If you have noticed any changes in your skin such as moles, it is important to get checked out by a dermatologist. Skin cancer screenings are done to detect any signs of potentially problematic areas on the skin. For many people, it is important to go in prepared and be aware of what will happen during the exam. Here's what you need to know about what happens during a skin cancer check.

What Does Skin Cancer Look Like?

Before going into your appointment, it is important to know what skin cancer looks like to inform your dermatologist of any suspicious spots you may have seen on your body. Skin cancer can come in many shapes and sizes, but you should proactively look for a few common characteristics, including:

  • Asymmetrical shapes
  • Irregular borders
  • Varied colors or shades within one mole
  • Changing appearance

If you notice anything that appears different from other moles on your body, including itching and bleeding, it's best to mention it to your dermatologist prior to your skin cancer check.

Who Needs a Skin Cancer Screening?

Everyone is at risk for skin cancer regardless of ethnicity and needs a regular screening exam. That said, some populations are more susceptible, including people with:

  • Naturally blonde or red hair
  • Blue or green eyes
  • Freckles
  • Family history of skin cancer

Additionally, people who burn easily are also more likely to get skin cancer.

Are You Naked for a Skin Cancer Check?

Before the exam begins, the doctor will ask you about any areas of concern you may have noticed. Then, they will carefully examine all visible areas of your skin using special lighting and magnification tools, if necessary. The amount of clothing needed for the exam depends on which body parts need to be examined, although you typically only need to undress down to a tank top and shorts. During the skin cancer check, the doctor should explain their findings and inform you if they see something suspicious.
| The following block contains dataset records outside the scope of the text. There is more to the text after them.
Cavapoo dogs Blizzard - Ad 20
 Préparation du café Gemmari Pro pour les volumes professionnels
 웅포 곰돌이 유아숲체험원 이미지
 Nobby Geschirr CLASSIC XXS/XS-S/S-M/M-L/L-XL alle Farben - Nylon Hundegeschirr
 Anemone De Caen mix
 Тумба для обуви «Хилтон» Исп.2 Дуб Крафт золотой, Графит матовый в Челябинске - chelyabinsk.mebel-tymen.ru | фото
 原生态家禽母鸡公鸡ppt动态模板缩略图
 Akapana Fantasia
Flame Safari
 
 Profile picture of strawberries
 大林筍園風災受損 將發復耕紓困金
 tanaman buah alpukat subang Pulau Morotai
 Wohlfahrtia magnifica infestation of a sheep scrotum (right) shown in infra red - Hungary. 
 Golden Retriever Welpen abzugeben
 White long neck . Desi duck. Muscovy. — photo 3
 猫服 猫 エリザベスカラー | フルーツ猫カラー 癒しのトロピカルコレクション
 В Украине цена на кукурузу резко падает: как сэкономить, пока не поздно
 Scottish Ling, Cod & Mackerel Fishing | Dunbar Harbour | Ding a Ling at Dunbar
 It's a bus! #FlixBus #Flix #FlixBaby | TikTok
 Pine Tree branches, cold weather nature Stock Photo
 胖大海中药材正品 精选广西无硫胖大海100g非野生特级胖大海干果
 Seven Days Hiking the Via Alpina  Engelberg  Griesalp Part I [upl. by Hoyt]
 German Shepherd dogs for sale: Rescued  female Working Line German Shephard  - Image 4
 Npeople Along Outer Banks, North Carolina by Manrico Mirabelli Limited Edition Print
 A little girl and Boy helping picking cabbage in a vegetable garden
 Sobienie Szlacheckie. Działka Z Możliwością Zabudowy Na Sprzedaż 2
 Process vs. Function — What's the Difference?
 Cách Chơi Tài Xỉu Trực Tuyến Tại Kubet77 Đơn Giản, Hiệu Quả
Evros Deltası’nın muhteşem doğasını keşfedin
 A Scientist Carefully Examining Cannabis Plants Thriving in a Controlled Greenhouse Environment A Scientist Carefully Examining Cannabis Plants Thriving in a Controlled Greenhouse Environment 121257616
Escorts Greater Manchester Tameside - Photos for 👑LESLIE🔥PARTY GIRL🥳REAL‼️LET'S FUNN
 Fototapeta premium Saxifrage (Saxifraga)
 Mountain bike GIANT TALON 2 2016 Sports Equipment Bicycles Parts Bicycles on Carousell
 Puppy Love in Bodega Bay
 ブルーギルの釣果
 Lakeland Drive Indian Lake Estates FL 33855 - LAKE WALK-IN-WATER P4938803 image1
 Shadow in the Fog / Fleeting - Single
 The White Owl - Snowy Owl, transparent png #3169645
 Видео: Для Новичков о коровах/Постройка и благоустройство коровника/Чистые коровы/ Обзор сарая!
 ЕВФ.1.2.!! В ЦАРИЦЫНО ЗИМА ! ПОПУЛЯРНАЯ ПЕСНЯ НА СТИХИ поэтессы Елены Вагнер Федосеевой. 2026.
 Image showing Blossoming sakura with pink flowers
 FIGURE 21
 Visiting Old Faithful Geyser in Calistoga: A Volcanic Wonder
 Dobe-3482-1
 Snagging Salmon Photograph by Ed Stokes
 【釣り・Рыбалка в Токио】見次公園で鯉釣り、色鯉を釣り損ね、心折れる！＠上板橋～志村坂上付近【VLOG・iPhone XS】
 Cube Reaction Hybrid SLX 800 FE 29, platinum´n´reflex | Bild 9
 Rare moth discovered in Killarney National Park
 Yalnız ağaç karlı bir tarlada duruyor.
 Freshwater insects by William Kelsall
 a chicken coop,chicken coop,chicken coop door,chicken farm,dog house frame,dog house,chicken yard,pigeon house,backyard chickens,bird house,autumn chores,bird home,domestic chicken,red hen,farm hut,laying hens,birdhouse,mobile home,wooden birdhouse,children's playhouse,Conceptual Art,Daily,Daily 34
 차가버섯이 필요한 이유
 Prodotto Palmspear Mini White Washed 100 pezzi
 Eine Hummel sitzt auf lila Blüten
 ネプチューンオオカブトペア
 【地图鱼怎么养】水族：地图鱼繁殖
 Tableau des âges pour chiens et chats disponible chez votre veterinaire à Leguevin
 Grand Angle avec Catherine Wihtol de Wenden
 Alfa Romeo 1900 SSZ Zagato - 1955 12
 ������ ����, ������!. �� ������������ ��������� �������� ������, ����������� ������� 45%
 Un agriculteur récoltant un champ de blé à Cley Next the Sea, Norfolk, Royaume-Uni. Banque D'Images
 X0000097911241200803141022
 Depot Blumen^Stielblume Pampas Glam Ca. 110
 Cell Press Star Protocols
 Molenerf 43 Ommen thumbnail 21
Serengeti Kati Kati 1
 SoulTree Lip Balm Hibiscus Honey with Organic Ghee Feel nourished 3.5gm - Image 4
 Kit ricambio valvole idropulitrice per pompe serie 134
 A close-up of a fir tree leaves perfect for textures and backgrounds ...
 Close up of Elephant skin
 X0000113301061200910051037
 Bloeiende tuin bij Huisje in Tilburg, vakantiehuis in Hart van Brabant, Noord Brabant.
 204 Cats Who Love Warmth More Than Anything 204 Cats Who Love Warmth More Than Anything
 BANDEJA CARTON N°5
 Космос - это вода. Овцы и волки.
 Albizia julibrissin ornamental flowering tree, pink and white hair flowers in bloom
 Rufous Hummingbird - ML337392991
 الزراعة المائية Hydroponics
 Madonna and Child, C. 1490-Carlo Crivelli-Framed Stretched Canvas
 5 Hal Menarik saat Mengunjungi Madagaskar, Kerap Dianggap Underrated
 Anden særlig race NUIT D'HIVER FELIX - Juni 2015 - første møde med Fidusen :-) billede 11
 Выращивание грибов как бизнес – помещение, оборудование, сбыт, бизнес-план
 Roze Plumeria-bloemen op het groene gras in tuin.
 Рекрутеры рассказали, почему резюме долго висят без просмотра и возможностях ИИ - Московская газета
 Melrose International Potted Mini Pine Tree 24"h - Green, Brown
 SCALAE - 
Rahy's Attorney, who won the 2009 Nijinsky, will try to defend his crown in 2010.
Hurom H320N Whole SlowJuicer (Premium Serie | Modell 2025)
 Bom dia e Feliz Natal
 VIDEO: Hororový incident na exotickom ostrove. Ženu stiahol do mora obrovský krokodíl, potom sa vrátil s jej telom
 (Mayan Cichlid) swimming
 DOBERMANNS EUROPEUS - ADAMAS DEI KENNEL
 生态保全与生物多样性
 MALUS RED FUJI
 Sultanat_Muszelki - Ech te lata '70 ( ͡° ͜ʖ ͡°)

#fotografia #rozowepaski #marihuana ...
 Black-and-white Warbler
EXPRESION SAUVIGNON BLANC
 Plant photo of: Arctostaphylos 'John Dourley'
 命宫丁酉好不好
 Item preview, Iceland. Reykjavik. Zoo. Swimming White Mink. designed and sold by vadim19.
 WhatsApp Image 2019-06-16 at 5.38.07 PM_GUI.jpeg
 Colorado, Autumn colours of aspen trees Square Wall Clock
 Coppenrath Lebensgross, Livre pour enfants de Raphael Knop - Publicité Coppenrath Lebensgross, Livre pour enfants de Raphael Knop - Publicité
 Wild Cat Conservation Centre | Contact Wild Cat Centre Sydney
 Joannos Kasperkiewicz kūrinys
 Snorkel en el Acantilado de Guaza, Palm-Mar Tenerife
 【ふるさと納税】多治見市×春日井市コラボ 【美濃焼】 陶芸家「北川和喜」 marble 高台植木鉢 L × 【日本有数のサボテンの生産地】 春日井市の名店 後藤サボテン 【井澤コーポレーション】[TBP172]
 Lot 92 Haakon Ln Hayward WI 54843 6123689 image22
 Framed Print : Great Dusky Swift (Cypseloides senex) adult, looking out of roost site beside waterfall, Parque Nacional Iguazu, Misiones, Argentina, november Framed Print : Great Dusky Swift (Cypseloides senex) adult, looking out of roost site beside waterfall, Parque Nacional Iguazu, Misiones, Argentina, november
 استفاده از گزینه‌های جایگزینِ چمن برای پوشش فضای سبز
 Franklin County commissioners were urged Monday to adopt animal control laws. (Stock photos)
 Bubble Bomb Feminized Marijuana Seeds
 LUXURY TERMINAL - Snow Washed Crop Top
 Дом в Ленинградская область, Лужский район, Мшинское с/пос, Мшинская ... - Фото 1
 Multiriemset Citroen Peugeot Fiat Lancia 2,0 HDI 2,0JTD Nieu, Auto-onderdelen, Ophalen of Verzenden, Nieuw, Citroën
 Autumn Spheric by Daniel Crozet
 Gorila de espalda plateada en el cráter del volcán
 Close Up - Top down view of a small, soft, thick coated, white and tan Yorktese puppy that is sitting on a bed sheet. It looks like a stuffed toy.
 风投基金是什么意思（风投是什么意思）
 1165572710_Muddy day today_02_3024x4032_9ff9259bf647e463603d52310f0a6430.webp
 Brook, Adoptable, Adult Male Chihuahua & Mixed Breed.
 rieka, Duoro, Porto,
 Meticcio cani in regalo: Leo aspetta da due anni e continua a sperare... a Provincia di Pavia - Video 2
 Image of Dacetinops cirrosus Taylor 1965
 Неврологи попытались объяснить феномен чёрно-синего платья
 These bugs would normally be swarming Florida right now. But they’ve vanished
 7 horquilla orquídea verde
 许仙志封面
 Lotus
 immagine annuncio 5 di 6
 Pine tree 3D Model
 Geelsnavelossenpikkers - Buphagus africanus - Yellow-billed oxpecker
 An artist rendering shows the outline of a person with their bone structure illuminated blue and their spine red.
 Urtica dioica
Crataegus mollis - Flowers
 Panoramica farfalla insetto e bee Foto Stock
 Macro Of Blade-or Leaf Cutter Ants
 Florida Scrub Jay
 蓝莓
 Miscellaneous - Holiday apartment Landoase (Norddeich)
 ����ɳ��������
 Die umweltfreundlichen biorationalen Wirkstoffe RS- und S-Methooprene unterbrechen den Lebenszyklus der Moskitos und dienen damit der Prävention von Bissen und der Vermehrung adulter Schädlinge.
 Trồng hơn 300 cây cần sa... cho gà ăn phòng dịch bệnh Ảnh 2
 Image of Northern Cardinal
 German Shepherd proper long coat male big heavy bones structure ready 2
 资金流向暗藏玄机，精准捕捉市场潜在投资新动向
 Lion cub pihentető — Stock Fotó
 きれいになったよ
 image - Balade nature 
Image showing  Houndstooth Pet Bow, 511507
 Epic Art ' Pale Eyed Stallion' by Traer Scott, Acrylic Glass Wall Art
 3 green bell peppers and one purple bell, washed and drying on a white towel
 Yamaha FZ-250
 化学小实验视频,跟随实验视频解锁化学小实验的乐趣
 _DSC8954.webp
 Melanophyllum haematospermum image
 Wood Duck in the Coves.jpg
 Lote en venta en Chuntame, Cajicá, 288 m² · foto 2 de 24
What Happens if There is Something Suspicious?

If anything appears suspicious during the checkup, such as an abnormal-looking mole, the doctor may suggest performing a biopsy to determine whether it's cancerous or not. A biopsy involves removing a small piece of tissue from the area so it can be tested under a microscope by a pathologist.

A skin cancer check is an important part of your overall self-care. Wearing sunscreen and getting an annual skin cancer check are both key to preventing and detecting skin cancer.